(Short web captions)
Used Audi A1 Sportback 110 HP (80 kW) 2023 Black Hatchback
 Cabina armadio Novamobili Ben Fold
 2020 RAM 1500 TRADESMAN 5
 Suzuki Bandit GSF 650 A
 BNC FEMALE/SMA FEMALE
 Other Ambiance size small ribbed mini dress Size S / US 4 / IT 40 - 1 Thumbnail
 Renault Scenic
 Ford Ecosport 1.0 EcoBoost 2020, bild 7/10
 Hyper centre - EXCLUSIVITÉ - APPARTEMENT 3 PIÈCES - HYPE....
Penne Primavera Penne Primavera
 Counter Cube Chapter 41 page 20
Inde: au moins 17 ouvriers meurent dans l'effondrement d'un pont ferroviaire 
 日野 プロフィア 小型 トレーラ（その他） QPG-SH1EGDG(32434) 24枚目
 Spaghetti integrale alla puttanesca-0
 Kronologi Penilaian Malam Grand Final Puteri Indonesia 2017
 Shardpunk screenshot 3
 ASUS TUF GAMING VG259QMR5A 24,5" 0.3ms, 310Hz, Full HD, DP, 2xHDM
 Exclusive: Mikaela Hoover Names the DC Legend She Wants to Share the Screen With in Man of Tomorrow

▶ Task item
In the entries above, find the line holding "Ford Ecosport 1.0 EcoBoost 2020, bild 7/10" and the line holding "Spaghetti integrale alla puttanesca-0"; print both of them and every line between, exactly, and nothing else.

▶ Written answer
 Ford Ecosport 1.0 EcoBoost 2020, bild 7/10
 Hyper centre - EXCLUSIVITÉ - APPARTEMENT 3 PIÈCES - HYPE....
Penne Primavera Penne Primavera
 Counter Cube Chapter 41 page 20
Inde: au moins 17 ouvriers meurent dans l'effondrement d'un pont ferroviaire 
 日野 プロフィア 小型 トレーラ（その他） QPG-SH1EGDG(32434) 24枚目
 Spaghetti integrale alla puttanesca-0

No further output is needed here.